13 Septembre, Chloé .
Treize, pourquoi ce chiffre m’interpelle plus aujourd’hui que n'importe quel autre jour ? Oui, nous sommes le treize décembre, et alors ! Est-ce que j’aurai oublié un anniversaire ? Est-ce qu’il a une signification particulière dans mon agenda ? Et si je commençais par ouvrir la fenêtre de mon calendrier de l’avent, je serai fixée ou pas. Mon père, ce coquin, l'a glissé dans ma valise avant que je ne parte. J’ai toujours particulièrement apprécié cette attention. Il n’oublie jamais.
Avant mes treize ans, dans chaque boîte se cachait un trésor. Dès que je fus en âge de marcher, avec papy, nous avons parcouru les forêts. Lors de nos balades, nous ramassions des branches, les plus grosses terminaient en flambée dans la cheminée, les plus tendres seraient utiles pour fabriquer mes figurines. Dans sa remise, au petit matin, il se mettait à l’ouvrage. Avec patience, il sculptait des personnages qui ensuite garnissaient mon village. Mamie fabriquait leur costume dans les chutes de tissu, en couturière passionnée. Aussi avant le réveillon du vingt cinq décembre, je jouais avec les pantins et avec papa nous avons commencé à leur créer nos premières histoires. Ma chambre débordait de ces petits bonhommes au visage expressif, ils formaient des rondes autour de mes boules de neige. À cette heure, chacun a trouvé sa place dans le grenier du chalet des Pyrénées. Seuls quatre d’entre eux sont restés à Paris. Étienne, le facteur au grand cœur, qui n’oublie jamais de poster ma lettre au père noël, sur son vélo jaune avec ses deux sacoches. Bruno, avec sa jolie moustache, son regard rieur et ses chiens, des champions d’agility. Jérémie et son renard ont une place à part, à travers eux j’ai découvert le petit prince. Et que dire de l’avocat Alexis, fier et droit dans son habit noir. Tous les détails ont été réalisés avec tant de minutie. Je les ai tous gardés précieusement et qui sait un jour mes enfants les feront revivre à leur tour. Étrange de penser à devenir mère, pour cela il faudrait que je trouve le père qui me comblerait.
À mon entrée au collège, la tradition a évolué. Je grandissais et mon grand-père nous avait quittés l’hiver d’avant. Alors mon père avec la complicité de ma grand-mère ont voulu mettre en place un nouveau rituel. Les mains de Josette, toujours habiles malgré ses quatre-vingts ans, confectionnent de jolis sachets dans lesquels Augustin continue à dissimuler un petit rien. Heureusement, j’ai ouvert les douze premiers avant de partir de France, sinon je ne suis pas sûre qu’une valise aurait suffi.
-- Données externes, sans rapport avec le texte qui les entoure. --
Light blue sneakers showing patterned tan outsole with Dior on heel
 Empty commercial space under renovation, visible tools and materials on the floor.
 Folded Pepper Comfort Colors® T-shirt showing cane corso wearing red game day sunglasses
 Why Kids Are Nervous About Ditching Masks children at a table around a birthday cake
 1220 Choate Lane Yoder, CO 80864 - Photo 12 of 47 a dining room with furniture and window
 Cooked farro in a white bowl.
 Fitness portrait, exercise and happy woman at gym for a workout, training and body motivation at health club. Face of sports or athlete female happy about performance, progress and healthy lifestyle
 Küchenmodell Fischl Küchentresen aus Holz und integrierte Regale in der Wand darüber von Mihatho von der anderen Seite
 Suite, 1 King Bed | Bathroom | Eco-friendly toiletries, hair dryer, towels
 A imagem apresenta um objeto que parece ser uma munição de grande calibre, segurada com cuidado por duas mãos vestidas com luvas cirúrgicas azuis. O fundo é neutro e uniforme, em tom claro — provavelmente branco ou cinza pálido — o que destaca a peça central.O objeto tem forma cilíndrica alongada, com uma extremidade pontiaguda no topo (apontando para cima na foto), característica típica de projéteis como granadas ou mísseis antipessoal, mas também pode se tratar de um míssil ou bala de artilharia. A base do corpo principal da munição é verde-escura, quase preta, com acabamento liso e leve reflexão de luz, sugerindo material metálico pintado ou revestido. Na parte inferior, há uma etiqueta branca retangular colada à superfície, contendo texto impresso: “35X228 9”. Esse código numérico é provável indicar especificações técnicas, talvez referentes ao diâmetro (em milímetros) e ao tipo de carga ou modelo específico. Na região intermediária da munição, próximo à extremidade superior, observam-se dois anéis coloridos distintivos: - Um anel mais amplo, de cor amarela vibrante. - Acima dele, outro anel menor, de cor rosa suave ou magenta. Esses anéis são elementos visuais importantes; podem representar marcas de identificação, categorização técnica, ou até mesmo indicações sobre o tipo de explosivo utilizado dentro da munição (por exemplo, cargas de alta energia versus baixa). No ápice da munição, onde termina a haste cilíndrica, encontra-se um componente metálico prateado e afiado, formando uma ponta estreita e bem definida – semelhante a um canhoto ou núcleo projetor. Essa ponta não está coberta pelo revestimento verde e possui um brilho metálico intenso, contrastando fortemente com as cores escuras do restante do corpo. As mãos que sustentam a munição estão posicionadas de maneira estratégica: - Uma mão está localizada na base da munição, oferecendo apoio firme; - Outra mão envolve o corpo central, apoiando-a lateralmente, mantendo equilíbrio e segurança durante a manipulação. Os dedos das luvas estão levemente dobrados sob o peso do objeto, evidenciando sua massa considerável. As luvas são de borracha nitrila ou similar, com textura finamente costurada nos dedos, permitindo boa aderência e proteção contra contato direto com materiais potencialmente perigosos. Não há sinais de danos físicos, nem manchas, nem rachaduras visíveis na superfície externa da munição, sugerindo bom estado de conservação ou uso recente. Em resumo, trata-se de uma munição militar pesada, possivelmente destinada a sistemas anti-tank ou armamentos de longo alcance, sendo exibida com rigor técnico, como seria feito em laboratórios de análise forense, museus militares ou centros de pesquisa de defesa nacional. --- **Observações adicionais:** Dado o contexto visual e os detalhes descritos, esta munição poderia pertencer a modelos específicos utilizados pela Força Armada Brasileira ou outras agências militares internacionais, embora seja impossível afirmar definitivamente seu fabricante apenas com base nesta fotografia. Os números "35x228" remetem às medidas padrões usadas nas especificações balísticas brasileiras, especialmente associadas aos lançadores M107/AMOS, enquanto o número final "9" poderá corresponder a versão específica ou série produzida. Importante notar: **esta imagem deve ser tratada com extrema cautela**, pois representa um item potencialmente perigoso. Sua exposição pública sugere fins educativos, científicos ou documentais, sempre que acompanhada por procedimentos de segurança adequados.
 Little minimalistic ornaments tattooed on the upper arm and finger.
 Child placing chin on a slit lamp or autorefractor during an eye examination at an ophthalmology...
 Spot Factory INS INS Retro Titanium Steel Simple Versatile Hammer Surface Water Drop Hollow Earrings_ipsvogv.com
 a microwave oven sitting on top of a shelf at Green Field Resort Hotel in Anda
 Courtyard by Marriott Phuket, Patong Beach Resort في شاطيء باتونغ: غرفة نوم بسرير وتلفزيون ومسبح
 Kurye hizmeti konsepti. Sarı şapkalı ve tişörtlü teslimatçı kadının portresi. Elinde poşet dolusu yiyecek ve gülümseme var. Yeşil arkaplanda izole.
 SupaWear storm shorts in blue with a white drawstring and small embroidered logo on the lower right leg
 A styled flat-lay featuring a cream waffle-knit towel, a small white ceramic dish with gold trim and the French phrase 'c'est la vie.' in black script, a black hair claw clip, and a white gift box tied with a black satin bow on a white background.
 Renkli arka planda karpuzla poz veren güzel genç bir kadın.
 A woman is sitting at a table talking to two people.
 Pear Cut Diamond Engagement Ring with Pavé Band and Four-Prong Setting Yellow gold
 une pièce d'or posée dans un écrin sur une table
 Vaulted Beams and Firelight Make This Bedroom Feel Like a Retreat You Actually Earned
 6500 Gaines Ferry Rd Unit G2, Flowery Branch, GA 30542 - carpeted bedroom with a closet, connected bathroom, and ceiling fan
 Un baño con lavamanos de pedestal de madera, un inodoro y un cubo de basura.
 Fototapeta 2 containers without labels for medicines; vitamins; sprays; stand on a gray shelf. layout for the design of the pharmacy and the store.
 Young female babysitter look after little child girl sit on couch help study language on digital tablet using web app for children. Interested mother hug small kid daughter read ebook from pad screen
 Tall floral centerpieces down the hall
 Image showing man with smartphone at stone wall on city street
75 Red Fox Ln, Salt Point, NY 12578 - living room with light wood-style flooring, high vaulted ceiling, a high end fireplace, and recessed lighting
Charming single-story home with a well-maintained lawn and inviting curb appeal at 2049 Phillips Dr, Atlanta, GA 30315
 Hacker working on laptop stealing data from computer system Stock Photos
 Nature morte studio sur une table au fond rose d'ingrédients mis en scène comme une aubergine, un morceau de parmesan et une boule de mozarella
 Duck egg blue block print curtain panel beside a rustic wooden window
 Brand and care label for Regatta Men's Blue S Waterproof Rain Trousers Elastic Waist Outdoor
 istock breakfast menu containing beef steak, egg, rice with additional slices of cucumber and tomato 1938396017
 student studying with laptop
Ce matin dans mon igloo de verre en Laponie, loin des êtres chers, je redeviens cet enfant qui tire délicatement sur le ruban pour découvrir ma surprise. Le chiffre treize est brodée sur un joli tissu avec une coccinelle sur un trèfle à quatre feuilles. Comme le hasard fait toujours bien les choses, elle a treize petits points noirs. La bête “à bon dieu”, la meilleure amie des jardiniers, porte-bonheur doit son appellation à une légende du moyen âge. Un pauvre homme accusé de meurtre et clamant à qui voulait l’entendre son innocence, aurait dû son salut à l’époque à cet insecte qui avait élu domicile sur son cou. Ne pouvant déloger l’animal, le bourreau a vu là un signe divin aussi la grâce fut accordée, une sacré veine pour ce pauvre bougre. Papa et mamie ont parfois de drôle d’idées. Dois-je lire entre les lignes ?
Je tire sur le nœud pour libérer le cadeau, treize feuillets tombent sur la couette. Mais oui , nous sommes vendredi, un vendredi treize, je comprends mieux pourquoi chaque morceau de papier relate des faits différents, chance ou malheur selon ses croyances. Un flash, une douleur remonte à la surface. Il y a trois ans, lors de notre première mission avec William, nous étions tombés dans un guet-apens au treize de la rue du Faubourg-Saint-Honoré, un vendredi treize septembre à treize heures précisément. Un mois plus tard et après bon nombre d'investigations, nous avons découvert que ce numéro n’existait plus dans Paris depuis belle lurette, à la demande de l'impératrice Eugénie. Mais cet après--midi là, mon coéquipier avait déjà joué au super héros, me sortant d’un mauvais pas. Depuis ce jour, il m’a surnommé ladybird.